* EXERCISE:
Ignoring every picture, transcribe the data in full as it stands.

------------

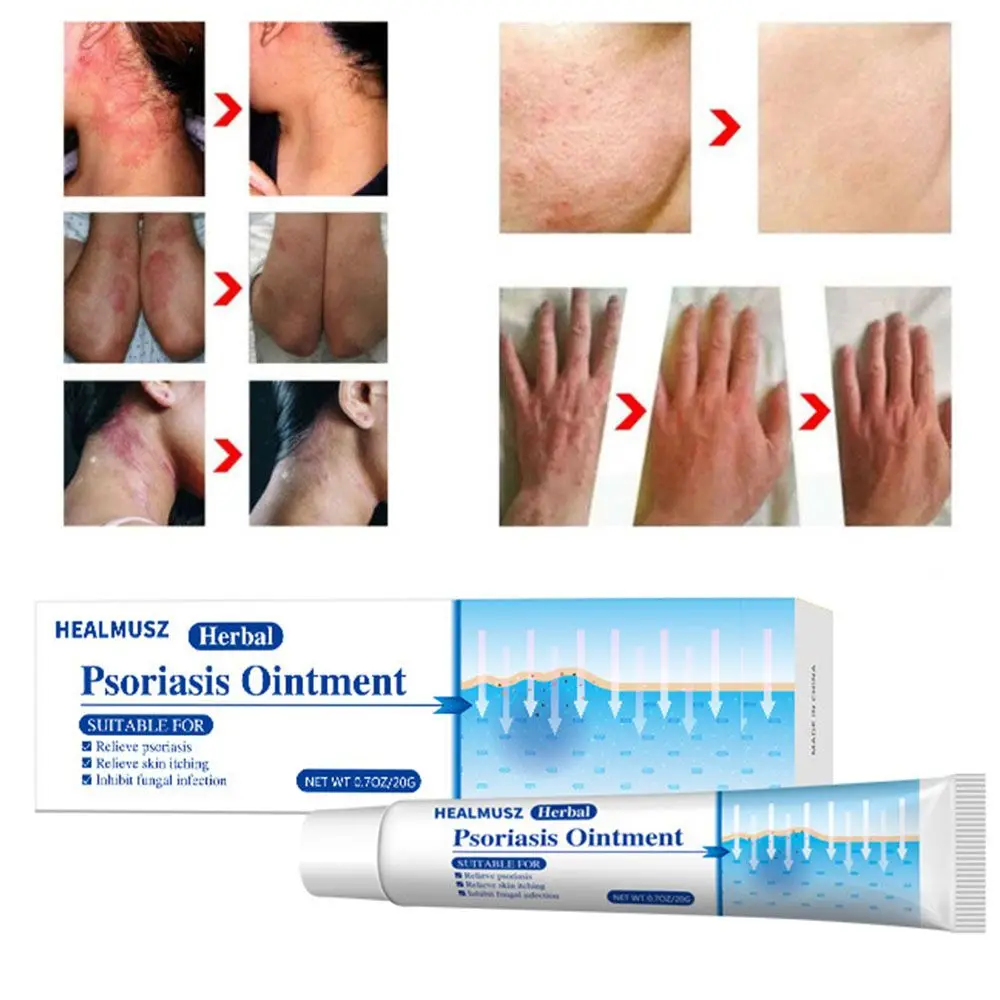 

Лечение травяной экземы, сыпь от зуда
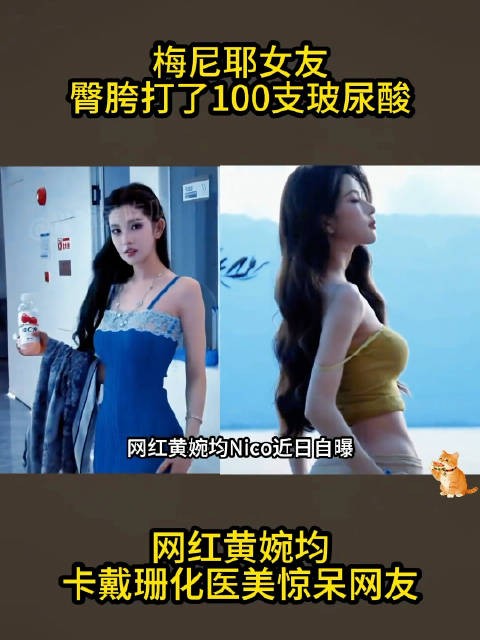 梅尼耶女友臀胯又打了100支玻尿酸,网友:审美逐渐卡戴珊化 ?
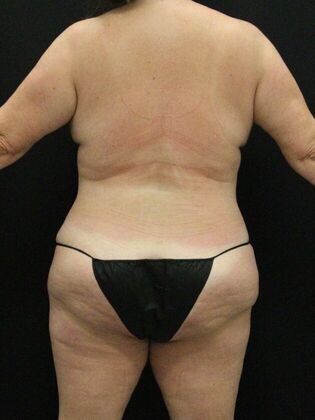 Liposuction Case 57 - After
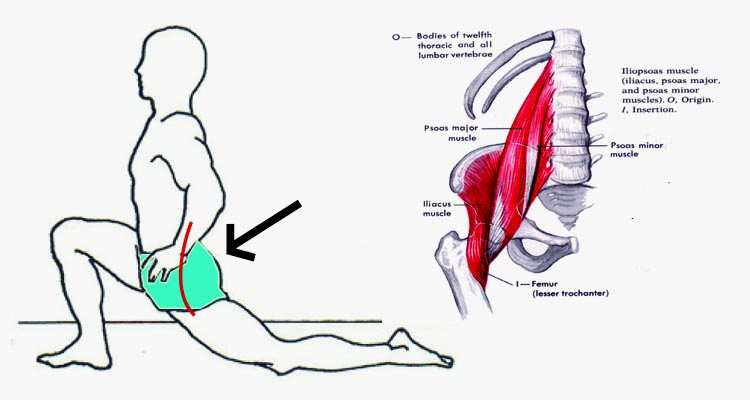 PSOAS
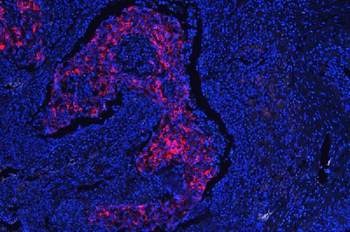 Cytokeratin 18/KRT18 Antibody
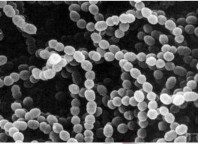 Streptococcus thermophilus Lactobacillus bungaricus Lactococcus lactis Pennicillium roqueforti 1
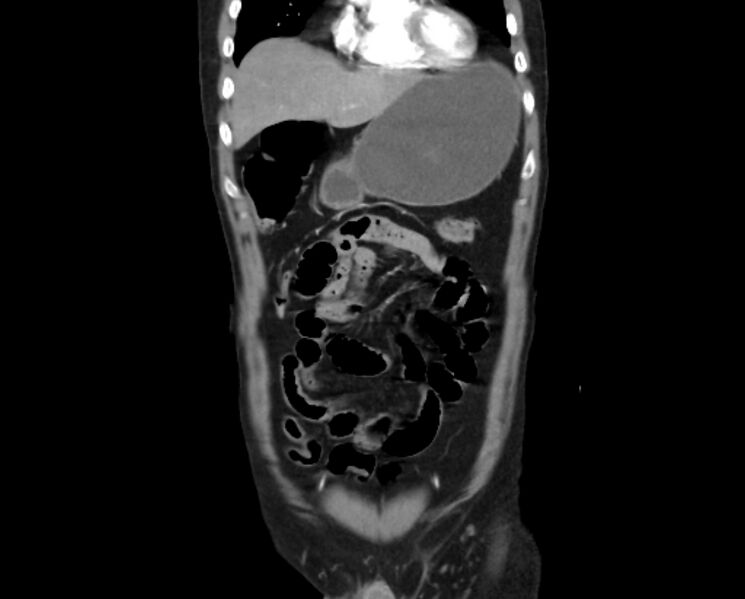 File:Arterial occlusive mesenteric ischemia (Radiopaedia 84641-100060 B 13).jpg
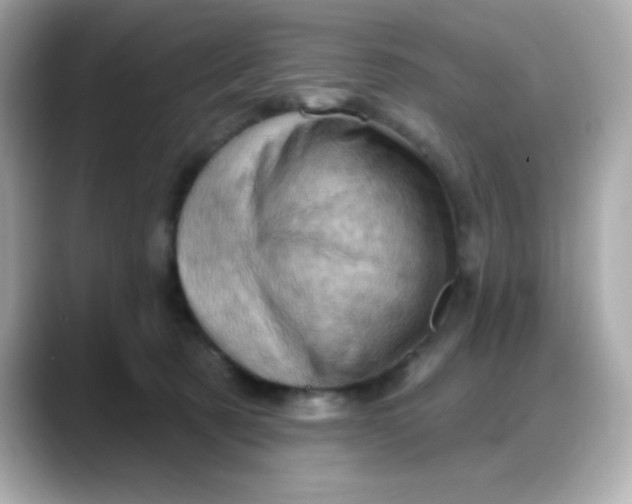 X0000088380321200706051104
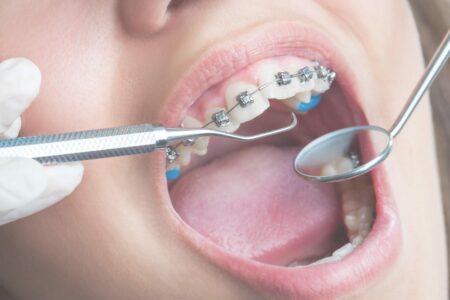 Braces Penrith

------------

* EXERCISE RESULT:
Лечение травяной экземы, сыпь от зуда
 梅尼耶女友臀胯又打了100支玻尿酸,网友:审美逐渐卡戴珊化 ?
 Liposuction Case 57 - After
 PSOAS
 Cytokeratin 18/KRT18 Antibody
 Streptococcus thermophilus Lactobacillus bungaricus Lactococcus lactis Pennicillium roqueforti 1
 File:Arterial occlusive mesenteric ischemia (Radiopaedia 84641-100060 B 13).jpg
 X0000088380321200706051104
 Braces Penrith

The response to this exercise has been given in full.